The team was also able to get a closer estimate of the melting point of iron from their experiments—which they report to be around 5800 Kelvin at the boundary between the earth's solid inner core and liquid outer core. This information, combined with the other vibrational properties they found, gives the group important clues for estimating the amount of light elements, or impurities, in the core. By comparing the density of iron at the relevant pressure and temperature conditions with seismic observations of the core's density, they found that iron is 5.5 percent more dense than the solid inner core at this boundary.
"With our new data on iron, we can discuss several aspects of the earth's core with more certainty and narrow down the amount of light elements that may be needed to help power the geodynamo—the process responsible for maintaining the earth's magnetic field, which originates in the core," says Jackson.
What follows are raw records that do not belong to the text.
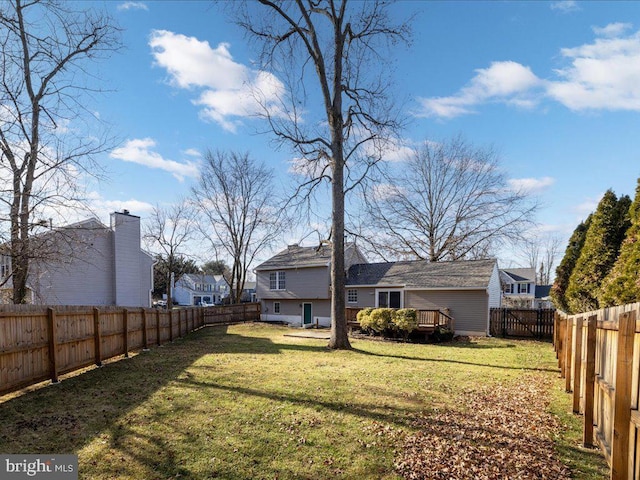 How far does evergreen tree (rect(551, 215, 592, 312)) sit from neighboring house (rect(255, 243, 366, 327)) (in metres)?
13.1

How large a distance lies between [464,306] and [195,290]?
5429cm

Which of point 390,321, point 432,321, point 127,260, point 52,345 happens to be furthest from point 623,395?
point 127,260

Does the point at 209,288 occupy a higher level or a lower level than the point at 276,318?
higher

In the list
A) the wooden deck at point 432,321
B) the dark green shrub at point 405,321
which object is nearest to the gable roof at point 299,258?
the wooden deck at point 432,321

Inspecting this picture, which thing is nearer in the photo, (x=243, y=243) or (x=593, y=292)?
(x=593, y=292)

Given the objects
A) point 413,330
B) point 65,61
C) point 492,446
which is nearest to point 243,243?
point 413,330

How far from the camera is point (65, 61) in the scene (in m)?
11.0

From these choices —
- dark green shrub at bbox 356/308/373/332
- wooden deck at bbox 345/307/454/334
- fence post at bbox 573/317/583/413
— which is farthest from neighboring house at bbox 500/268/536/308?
fence post at bbox 573/317/583/413

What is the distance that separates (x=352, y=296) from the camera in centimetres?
2358

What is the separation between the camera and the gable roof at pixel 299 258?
25.1 m

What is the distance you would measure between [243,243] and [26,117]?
27.7 m

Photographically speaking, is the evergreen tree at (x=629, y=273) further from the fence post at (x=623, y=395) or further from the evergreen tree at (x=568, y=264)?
the evergreen tree at (x=568, y=264)

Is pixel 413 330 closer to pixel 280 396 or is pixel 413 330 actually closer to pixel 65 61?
pixel 280 396

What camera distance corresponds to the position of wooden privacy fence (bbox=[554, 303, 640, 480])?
300 centimetres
According to Murphy, the next step is to perform similar experiments alloying iron with nickel and various light elements to determine how the density and, in particular, the vibrational properties of pure iron are affected. In turn, they will be able to evaluate the amount of light elements that produce a closer match to seismic observations of the core.
"There are a few candidate light elements for the core that everyone is always talking about—sulfur, silicon, oxygen, carbon, and hydrogen, for instance," says Murphy. "Silicon and oxygen are a few of the more popular, but they have not been studied in this great of detail yet. So that's where we will begin to expand our study."
The study, "Grüneisen parameter of hcp-Fe to 171 GPa," was funded by the California Institute of Technology, the National Science Foundation, and the U.S. Department of Energy. Bin Chen, a former postdoctoral scholar in Jackson's lab, and Wolfgang Sturhahn, senior technologist at NASA's Jet Propulsion Laboratory and visiting associate at Caltech, were also coauthors on the paper.